Por Glauco Vieira, geógrafo e artista


Percorrer as áreas centrais das grandes cidades é uma aventura para qualquer amante dos livros. Há o termo mais apurado para os amadores com distinção – estes são os bibliófilos. A bibliofilia é uma verdadeira arte desafiadora para colecionadores. José Mindlin foi um de nossos principais, senão o maior, colecionador de livros raros no Brasil; ele até publicou uma espécie de manual no qual apresenta sua história e atividade na bibliofilia. A raridade de um livro deve atender a algumas condições: ser a primeira edição publicada, ser autografado pelo autor e, obviamente, possuir edição numerada. O Mindlin, e como tantos outros amantes do livro físico não pouparam esforços para agregar livros raros em suas coleções. Já amadores menos exigentes se deleitam simplesmente em garimpar alguns exemplares nos inúmeros sebos espalhados nas metrópoles tendo em vista os temas de suas predileções.

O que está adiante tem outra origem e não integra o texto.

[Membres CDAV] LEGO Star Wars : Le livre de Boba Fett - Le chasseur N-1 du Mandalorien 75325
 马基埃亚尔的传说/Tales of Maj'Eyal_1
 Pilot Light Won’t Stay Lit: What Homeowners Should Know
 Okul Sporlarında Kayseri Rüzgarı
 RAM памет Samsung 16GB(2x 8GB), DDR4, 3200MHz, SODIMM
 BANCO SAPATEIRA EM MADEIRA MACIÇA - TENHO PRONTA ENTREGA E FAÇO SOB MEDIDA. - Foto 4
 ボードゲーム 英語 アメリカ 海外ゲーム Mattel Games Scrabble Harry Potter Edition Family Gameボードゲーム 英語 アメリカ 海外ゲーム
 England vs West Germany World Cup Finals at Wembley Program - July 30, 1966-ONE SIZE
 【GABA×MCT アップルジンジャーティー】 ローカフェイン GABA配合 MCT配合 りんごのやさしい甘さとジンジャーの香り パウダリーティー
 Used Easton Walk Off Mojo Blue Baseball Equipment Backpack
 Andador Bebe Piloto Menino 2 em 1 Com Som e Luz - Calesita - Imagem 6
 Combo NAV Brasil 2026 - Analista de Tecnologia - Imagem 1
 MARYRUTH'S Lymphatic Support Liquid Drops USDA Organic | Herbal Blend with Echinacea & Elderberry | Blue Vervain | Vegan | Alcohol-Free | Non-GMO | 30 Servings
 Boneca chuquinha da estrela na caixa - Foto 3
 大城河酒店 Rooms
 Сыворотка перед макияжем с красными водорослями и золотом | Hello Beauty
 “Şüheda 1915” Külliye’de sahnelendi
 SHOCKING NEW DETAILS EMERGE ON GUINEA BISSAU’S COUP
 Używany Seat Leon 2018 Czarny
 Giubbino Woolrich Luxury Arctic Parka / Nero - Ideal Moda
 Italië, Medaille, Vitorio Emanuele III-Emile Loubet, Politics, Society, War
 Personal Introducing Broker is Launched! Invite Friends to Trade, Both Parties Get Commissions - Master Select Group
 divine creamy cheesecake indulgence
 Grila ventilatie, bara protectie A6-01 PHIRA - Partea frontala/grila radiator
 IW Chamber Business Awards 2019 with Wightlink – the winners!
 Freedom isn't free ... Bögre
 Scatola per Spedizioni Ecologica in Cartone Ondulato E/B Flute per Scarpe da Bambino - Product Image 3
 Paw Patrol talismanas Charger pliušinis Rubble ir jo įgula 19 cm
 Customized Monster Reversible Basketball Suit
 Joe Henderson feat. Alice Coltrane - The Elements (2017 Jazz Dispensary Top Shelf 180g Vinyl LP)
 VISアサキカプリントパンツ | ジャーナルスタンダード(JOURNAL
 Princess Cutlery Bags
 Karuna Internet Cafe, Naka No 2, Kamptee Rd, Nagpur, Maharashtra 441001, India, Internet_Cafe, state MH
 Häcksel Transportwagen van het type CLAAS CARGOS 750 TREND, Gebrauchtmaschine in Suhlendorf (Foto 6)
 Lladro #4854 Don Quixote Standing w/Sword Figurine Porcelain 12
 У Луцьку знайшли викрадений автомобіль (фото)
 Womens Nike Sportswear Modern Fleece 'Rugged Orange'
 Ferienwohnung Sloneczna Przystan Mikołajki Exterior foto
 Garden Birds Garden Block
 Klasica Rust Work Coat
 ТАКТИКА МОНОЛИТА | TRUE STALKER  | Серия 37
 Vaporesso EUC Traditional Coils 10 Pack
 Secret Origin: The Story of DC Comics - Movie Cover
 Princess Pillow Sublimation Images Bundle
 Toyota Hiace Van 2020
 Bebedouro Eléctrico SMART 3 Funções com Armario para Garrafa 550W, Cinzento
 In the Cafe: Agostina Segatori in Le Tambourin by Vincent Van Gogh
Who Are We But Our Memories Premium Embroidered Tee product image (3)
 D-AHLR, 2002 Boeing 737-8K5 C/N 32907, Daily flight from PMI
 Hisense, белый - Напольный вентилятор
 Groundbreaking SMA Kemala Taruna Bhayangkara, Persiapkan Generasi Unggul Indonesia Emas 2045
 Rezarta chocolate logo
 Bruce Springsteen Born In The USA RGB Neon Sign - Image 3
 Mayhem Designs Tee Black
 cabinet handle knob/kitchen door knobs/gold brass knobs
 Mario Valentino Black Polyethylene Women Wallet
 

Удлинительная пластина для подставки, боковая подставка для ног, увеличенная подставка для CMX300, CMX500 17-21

São nos grandes centros urbanos onde se concentram os sebos. Pelo menos isto garantia a presença de um público fiel peregrinando e compondo uma geografia “sagrada” nas cidades. Os leitores apaixonados em vasculhar religiosamente aqueles recantos cavernosos e empoeirados escondidos em guetos, galerias e zonas decadentes, mantinham suas trilhas de busca tendo o livro como um artefato quase que “sagrado”. Ao leitor eram exigidas algumas habilidades próximas as de um arqueólogo. Devia possuir conhecimentos de história, geografia, antropologia, filosofia, ademais ajudaria bastante se compreendessem outras línguas. Jorge Luis Borges reunia um pouco de todas estas competências. O escritor argentino defendia que os livros deveriam ser ordenados lado a lado nas estantes por afinidades eletivas e não simplesmente por um código de catalogação universal. Todo leitor que se perdia no labirinto dos sebos sabia se encontrar na ordem do caos. Um Lukács, por exemplo, estaria dialogando melhor na mesma estante com Marx do que numa estante da seção “Artes”. Assim como um Machado de Assis casaria bem ladeado com um Freud do que na prateleira de literatura nacional.


Mas os sebos foram se sofisticando, e esta lógica “arqueológica” dos leitores das gerações de outrora passou a se estruturar diferentemente. As lojas de livros usados tiveram que se ajustar ao novo público e mercado. O olhar por entre os volumes empoeirados em prateleiras pensas com pilhas de edições antigas ou seminovas parece ser uma prática a se tornar obsoleta. Pelo menos até os anos 1990 e primeiro decênio do século XXI o trabalho de busca num sebo ainda era muito praticado. Depois, com o incremento do meio digital, as bibliotecas e os sebos foram também digitalizando seus acervos. Através da internet os leitores agora podem conferir seus milhares de exemplares. O contato direto com os livros vai sendo substituído pelo teclado em busca virtual dos títulos.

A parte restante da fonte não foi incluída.